== Supplied data
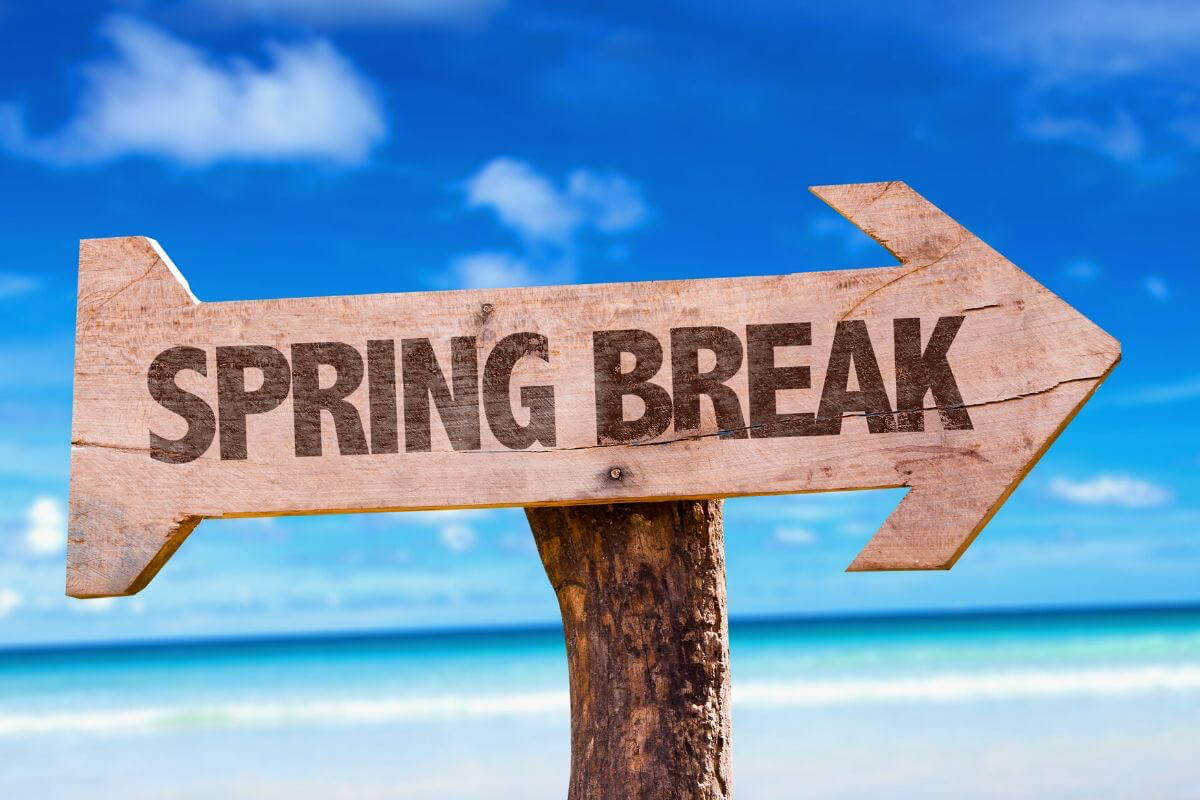 Spring Break Destinations For Families In The Usa In 2021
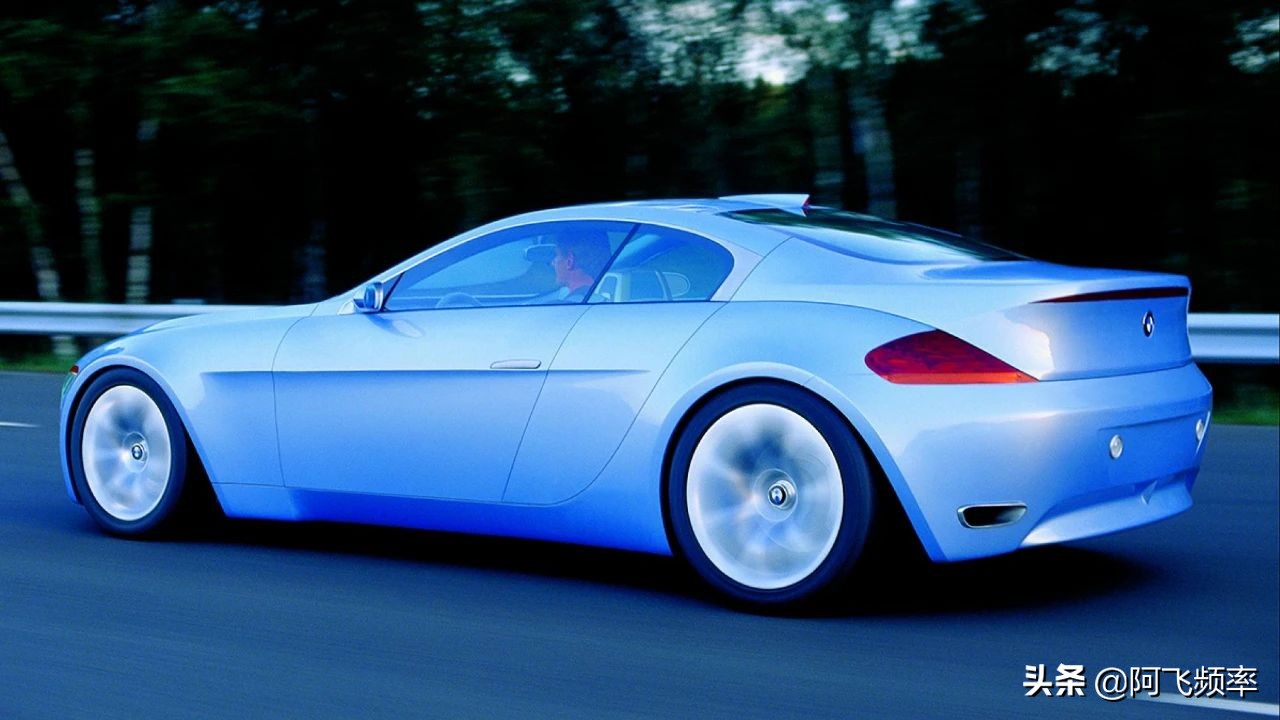 宝马z0概念车,宝马z系列介绍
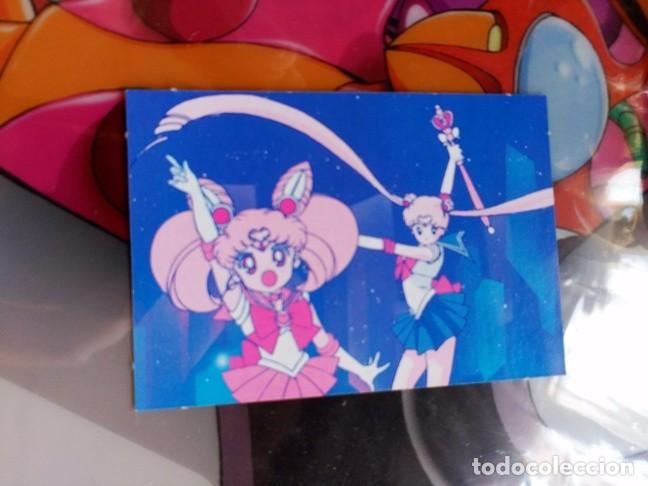 C&oacute;mics: sailor moon rare trading card - Foto 2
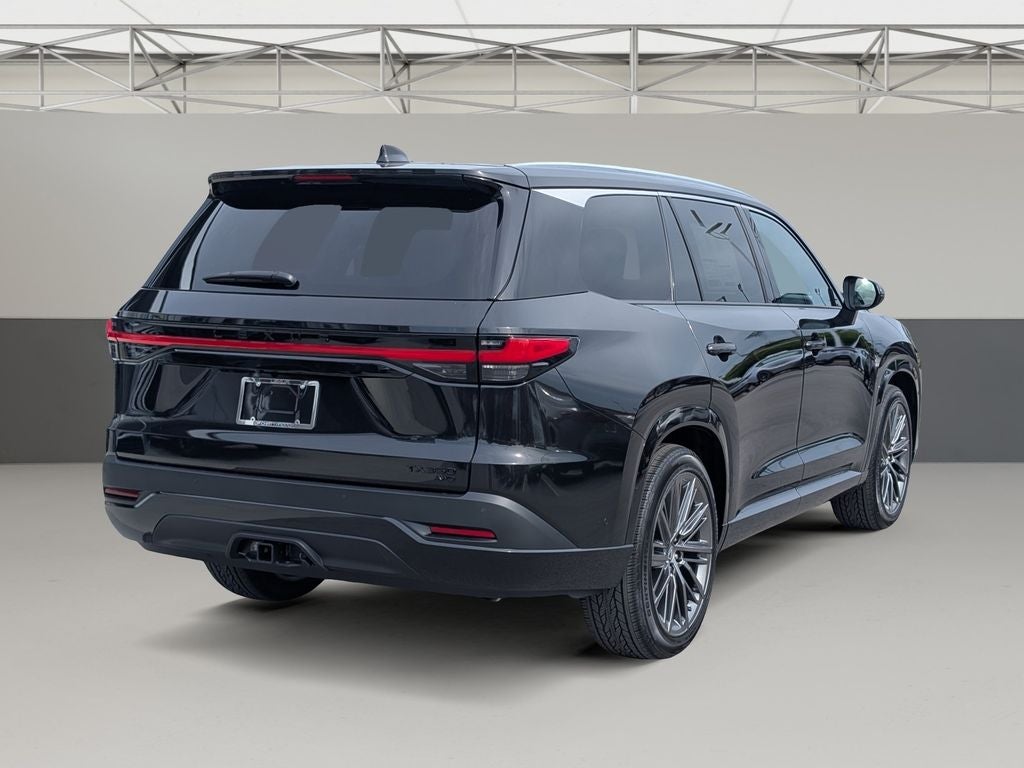 2026 Lexus TX 350 Luxury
====
> **Problem to solve**:
Output exactly, and with no pictures, the lines from the line that holds "宝马z0概念车,宝马z系列介绍" through the last line of the listing above.

> **Response**:
 宝马z0概念车,宝马z系列介绍
 C&oacute;mics: sailor moon rare trading card - Foto 2
 2026 Lexus TX 350 Luxury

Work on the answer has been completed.